半導体製造装置は「数年ごとに必ずチャンスが訪れる」分野、日本勢に期待:SEMIジャパン 浜島雅彦氏(2/2 ページ)
2023年12月13〜15日の3日間にわたり開催される「SEMICON Japan 2023」。開幕を前に、SEMIジャパン代表取締役の浜島雅彦氏に、今回の注目ポイントや、半導体製造装置業界の動向を聞いた。
半導体製造装置の分野は「常にチャンスがある」世界
――日本の半導体製造装置業界については、いかがでしょうか。日本が強いといわれる分野ですが、経産省が2023年6月に改訂した「半導体・デジタル産業戦略」には、露光装置や成膜装置など、市場規模が大きな分野のシェアは、米国とオランダが占めていることを示す資料もありました。
浜島氏 長期的に見ると、日本の半導体製造装置メーカーはシェアを落としていて、これには日本の各メーカーも危機感を持っているはずだ。
半導体製造プロセスは、世代が変わると、材料も装置も全て新しいものに切り替わる。これは、「半導体製造分野の競争は、(プロセスノードが進化するタイミングである)3年に一度、必ずリセットがかかる」ということでもある。材料も装置も世代ごとに選定されるので、もたもたしていると、次の世代では簡単に候補から外されてしまう。製造装置メーカーは、常にそうした緊張感や危機感を持っている。
裏を返せば、「選ばれるチャンス」は3年ごとにやってくるということだ。数年先を見据えてマーケティングを行い、技術開発の照準をしっかり定め、ニーズに沿った製品をリリースすることが、何よりも重要になる。それができるだけの基礎技術を、日本は持っている。
一方で、エポックメイキングな装置の開発は、米国やオランダに後塵を拝している。CMP(化学的機械研磨)の技術を最初に導入したのは米国だった。EUV(極端紫外線)リソグラフィ装置も、ニコンやキヤノンは開発を断念してしまった。

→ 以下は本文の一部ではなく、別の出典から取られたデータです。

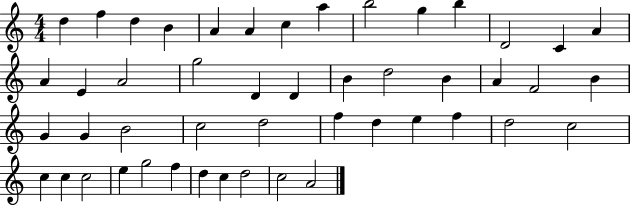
{
  \clef treble
  \numericTimeSignature
  \time 4/4
  \key c \major
  d''4 f''4 d''4 b'4 | a'4 a'4 c''4 a''4 | b''2 g''4 b''4 | d'2 c'4 a'4 | \break a'4 e'4 a'2 | g''2 d'4 d'4 | b'4 d''2 b'4 | a'4 f'2 b'4 | \break g'4 g'4 b'2 | c''2 d''2 | f''4 d''4 e''4 f''4 | d''2 c''2 | \break c''4 c''4 c''2 | e''4 g''2 f''4 | d''4 c''4 d''2 | c''2 a'2 | \break \bar "|."
}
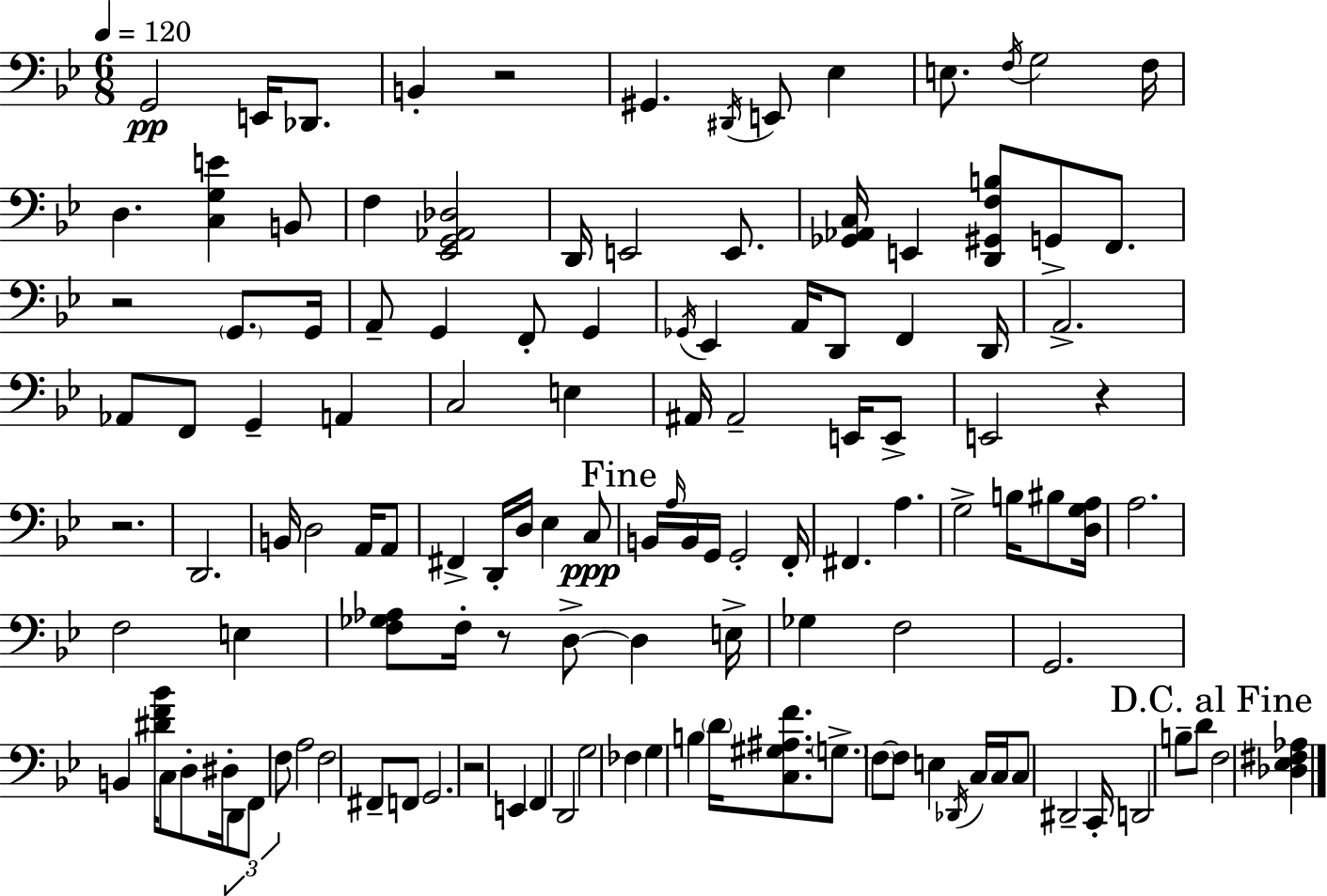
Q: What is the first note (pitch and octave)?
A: G2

とはいえ、前述した通り、半導体製造装置は3年ごとに“競争の窓”が開く業界だ。日本が得意な「顧客要望を聞く力」を生かし、最適なタイミングで、最適な製造装置を開発できれば、チャンスは広がっていくだろう。特に製造装置は、価格ではなく、「できるか否か(作れるか否か)」で判断される。技術開発の成果がビジネスに直結する世界だ。厳しいけれど面白い産業でもある。勝ち続けるチャンスも、逆転するチャンスも常にあるので、日本メーカーにも前進していってもらいたい。